*** Source data Section Begins ***
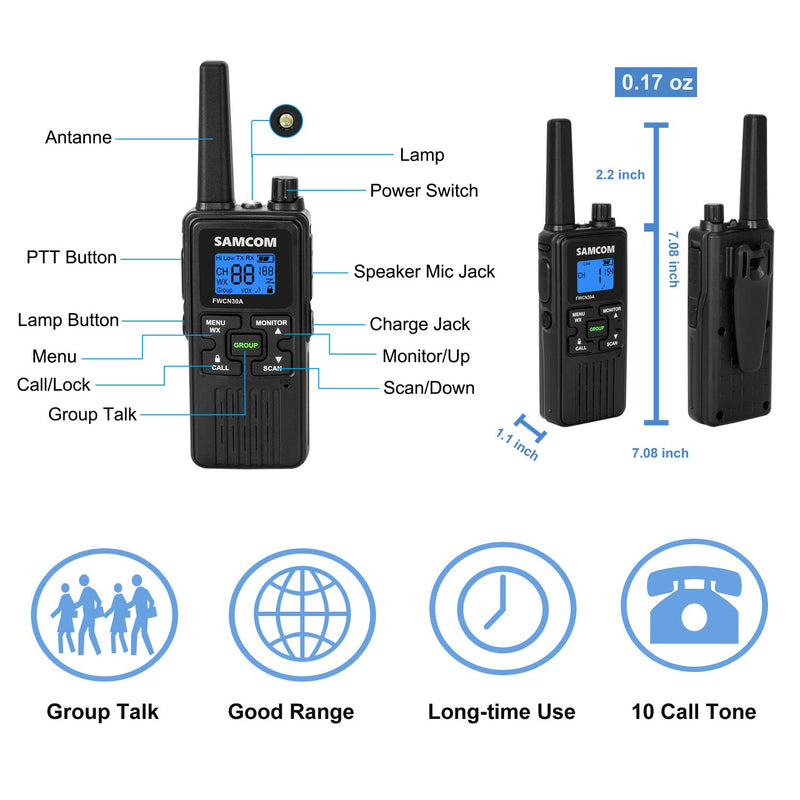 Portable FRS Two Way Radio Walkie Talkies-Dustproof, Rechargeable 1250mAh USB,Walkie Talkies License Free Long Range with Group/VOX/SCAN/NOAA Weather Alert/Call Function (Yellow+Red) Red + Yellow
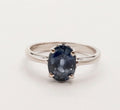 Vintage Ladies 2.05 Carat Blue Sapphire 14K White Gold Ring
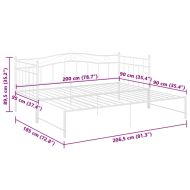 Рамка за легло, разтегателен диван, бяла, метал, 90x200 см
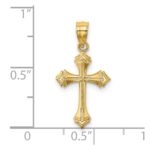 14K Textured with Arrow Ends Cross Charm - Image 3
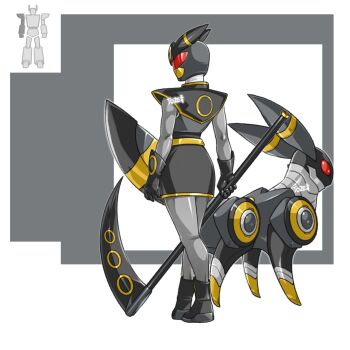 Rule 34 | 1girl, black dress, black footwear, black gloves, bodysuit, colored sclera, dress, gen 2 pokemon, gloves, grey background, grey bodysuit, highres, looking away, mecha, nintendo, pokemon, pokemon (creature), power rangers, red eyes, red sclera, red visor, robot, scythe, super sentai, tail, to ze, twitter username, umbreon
*** Source data Section Ends ***
*** Source data Section Begins ***
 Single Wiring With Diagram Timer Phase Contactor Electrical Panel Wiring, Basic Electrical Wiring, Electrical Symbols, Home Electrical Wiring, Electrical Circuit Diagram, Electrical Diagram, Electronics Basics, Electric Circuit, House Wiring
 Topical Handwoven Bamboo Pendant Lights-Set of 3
*** Source data Section Ends ***
» **What is expected**
Within these entries, output exactly the lines starting at the one with "Vintage Ladies 2.05" and finishing at the one with "Rule 34 | 1girl, black". Leave pictures out of the output.

» **Answer section**
 Vintage Ladies 2.05 Carat Blue Sapphire 14K White Gold Ring
 Рамка за легло, разтегателен диван, бяла, метал, 90x200 см
 14K Textured with Arrow Ends Cross Charm - Image 3
 Rule 34 | 1girl, black dress, black footwear, black gloves, bodysuit, colored sclera, dress, gen 2 pokemon, gloves, grey background, grey bodysuit, highres, looking away, mecha, nintendo, pokemon, pokemon (creature), power rangers, red eyes, red sclera, red visor, robot, scythe, super sentai, tail, to ze, twitter username, umbreon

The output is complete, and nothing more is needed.